Data segment
__________________________________________________

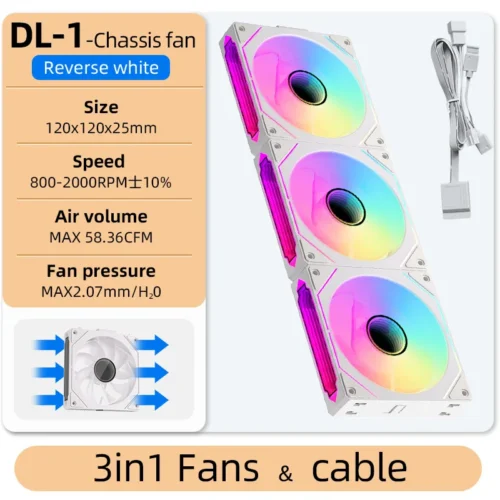 Coolcirc DL-1 120mm PC Case Fan 800-2000rpm PWM Hydro Bearing Silent 5V3Pin ARGB Water Cooler Magic Cableless Cooling Ventilator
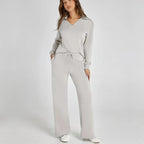 Eulària - Luxe Loungewear Set met Comfy Broek en V-hals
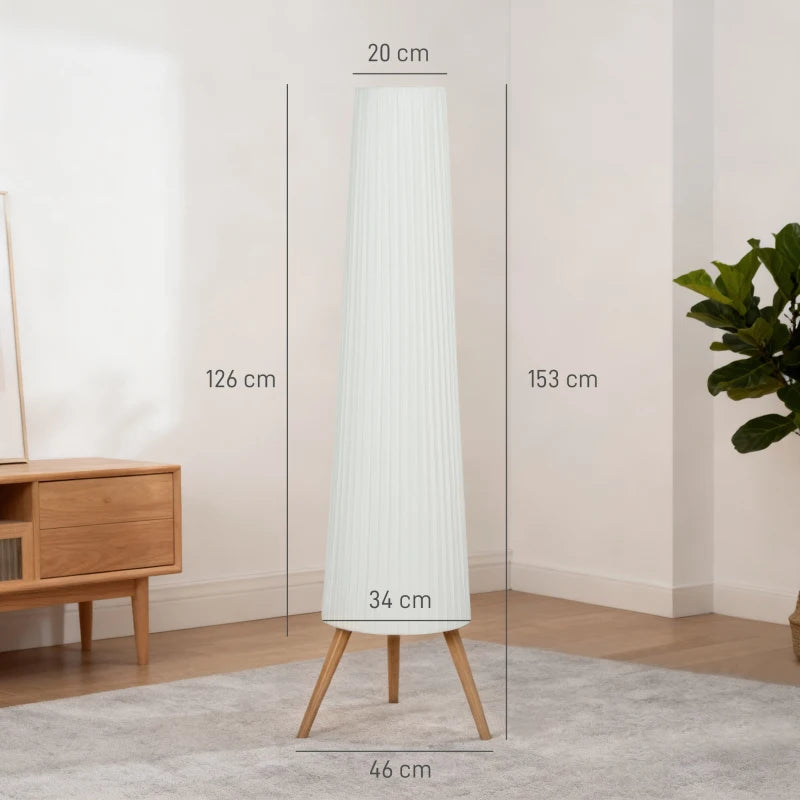 Nancy's Parrano Vloerlamp - Staande Lamp - LED-Lamp - Dimbaar - Wit - Staal / Hout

__________________________________________________

What is required
Once the pictures are removed, copy the material above exactly.

Reply to the exercise
 Coolcirc DL-1 120mm PC Case Fan 800-2000rpm PWM Hydro Bearing Silent 5V3Pin ARGB Water Cooler Magic Cableless Cooling Ventilator
 Eulària - Luxe Loungewear Set met Comfy Broek en V-hals
 Nancy's Parrano Vloerlamp - Staande Lamp - LED-Lamp - Dimbaar - Wit - Staal / Hout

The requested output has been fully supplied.